Supplied data:
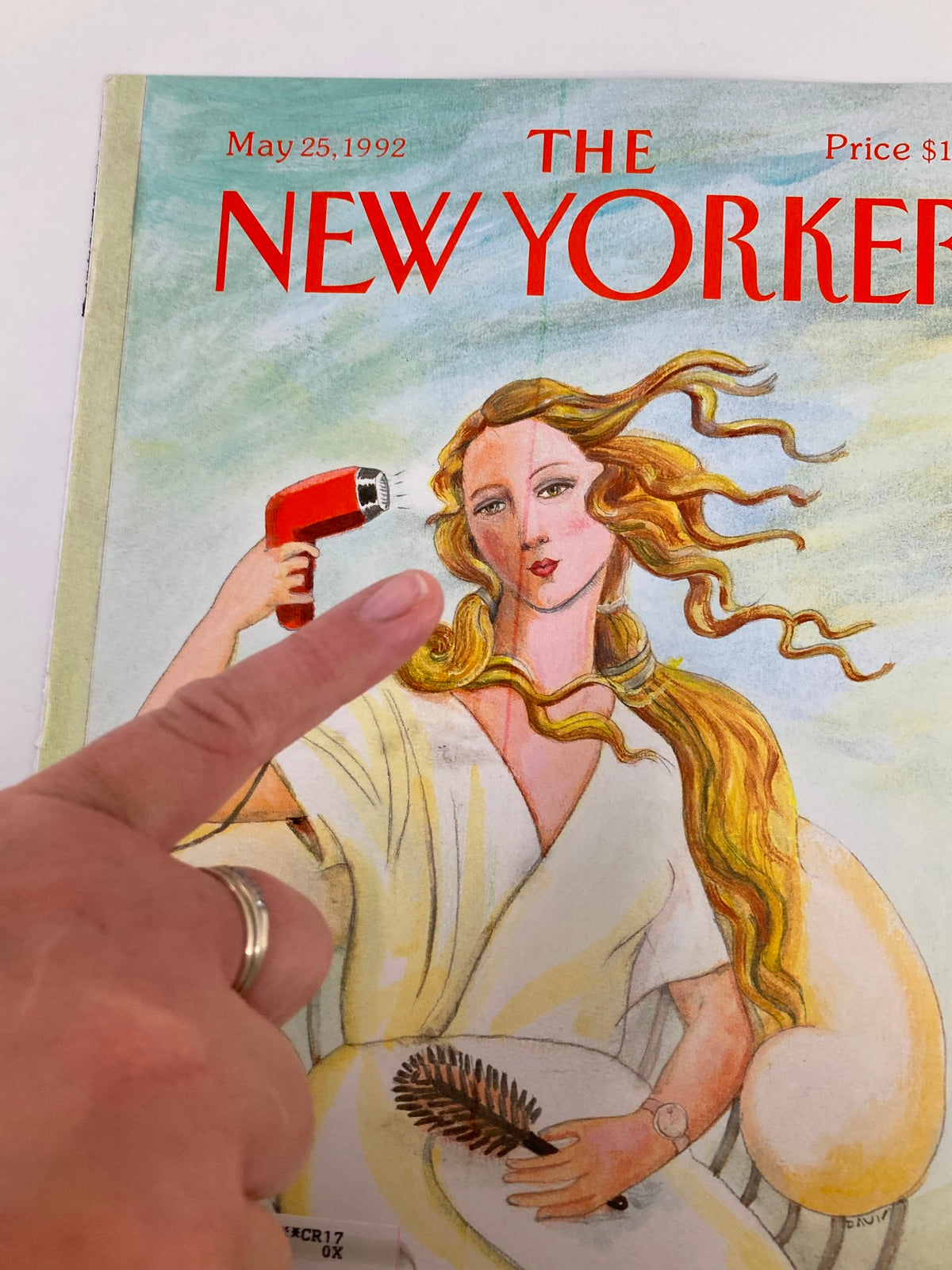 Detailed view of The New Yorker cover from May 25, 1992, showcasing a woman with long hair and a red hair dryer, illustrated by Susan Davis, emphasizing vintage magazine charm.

==

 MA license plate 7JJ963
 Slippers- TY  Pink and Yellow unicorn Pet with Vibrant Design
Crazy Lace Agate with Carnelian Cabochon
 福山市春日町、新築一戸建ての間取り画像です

Task directions: Look above for the line containing "MA license plate 7JJ963" and the line containing "福山市春日町、新築一戸建ての間取り画像です". Transcribe both, with the lines between them, exactly.

Exercise result:
 MA license plate 7JJ963
 Slippers- TY  Pink and Yellow unicorn Pet with Vibrant Design
Crazy Lace Agate with Carnelian Cabochon
 福山市春日町、新築一戸建ての間取り画像です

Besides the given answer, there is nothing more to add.